_WHAT YOU ARE ASKED TO DO_
Starting with the line that contains "this 1270×952 image.", repeat exactly every line through the last one in the records below, and leave out the pictures.

_EXTRACTED MATERIAL_
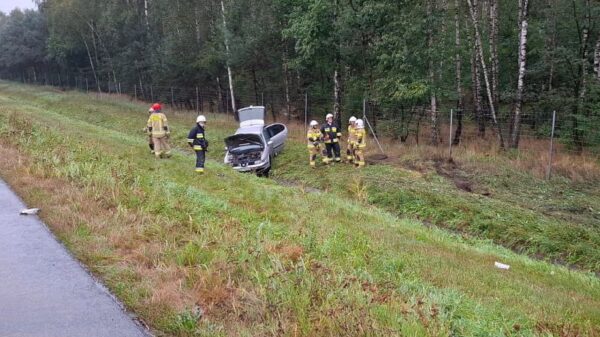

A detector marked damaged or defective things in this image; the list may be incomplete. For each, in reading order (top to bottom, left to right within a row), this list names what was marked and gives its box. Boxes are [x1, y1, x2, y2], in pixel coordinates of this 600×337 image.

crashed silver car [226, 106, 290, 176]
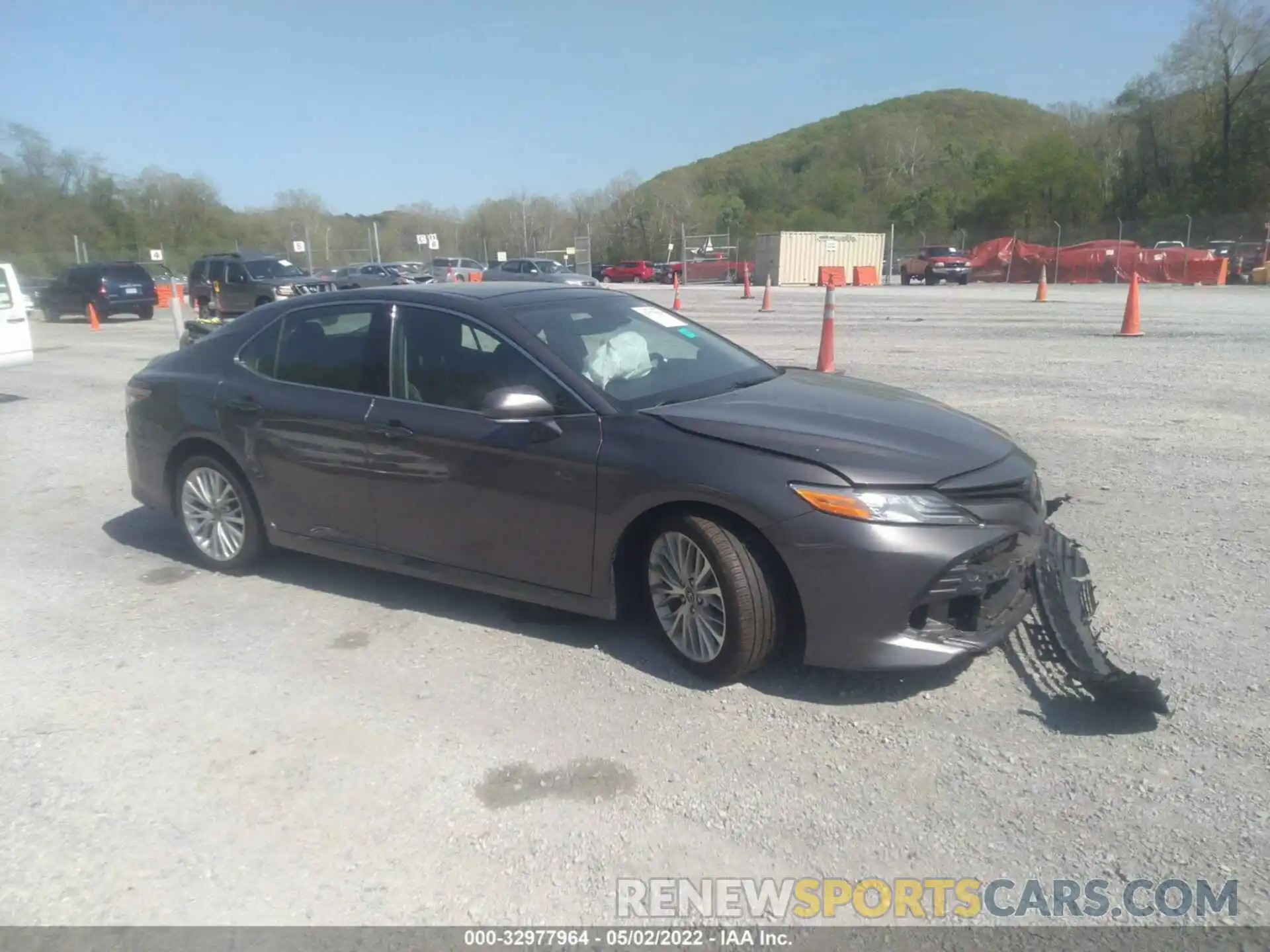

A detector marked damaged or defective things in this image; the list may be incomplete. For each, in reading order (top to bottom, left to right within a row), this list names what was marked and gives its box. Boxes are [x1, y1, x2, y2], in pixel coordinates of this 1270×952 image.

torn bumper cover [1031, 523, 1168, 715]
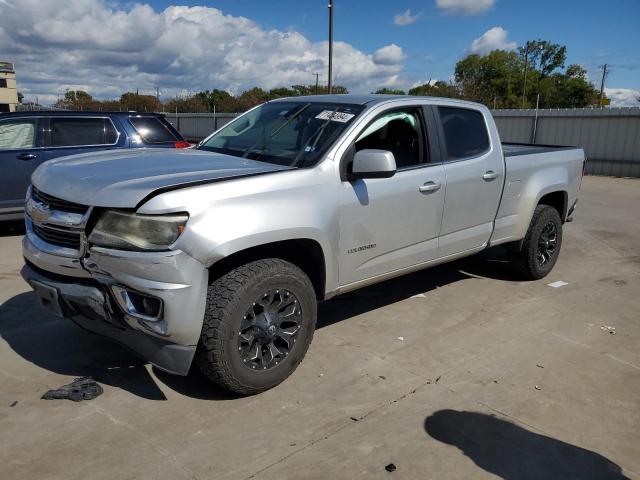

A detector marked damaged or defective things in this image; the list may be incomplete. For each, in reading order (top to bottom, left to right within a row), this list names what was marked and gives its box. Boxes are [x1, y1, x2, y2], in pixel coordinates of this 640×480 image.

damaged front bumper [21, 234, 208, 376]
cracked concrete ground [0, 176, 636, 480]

_YOUR SOLUTION_
A detector marked damaged or defective things in this image; the list may be incomplete. For each, in reading order (top to bottom, left to right within a row), this list names what was marked and gives its box. Boxes are [x1, y1, x2, y2], in pixel coordinates of this 1270×952 image.

torn bumper cover [1031, 523, 1168, 715]

A detector marked damaged or defective things in this image; the list may be incomplete. For each, in reading order (top to bottom, left to right within a row), this list names what was marked and gives its box. Boxes are [x1, y1, x2, y2], in pixel coordinates of this 640×480 image.

damaged front bumper [21, 234, 208, 376]
cracked concrete ground [0, 176, 636, 480]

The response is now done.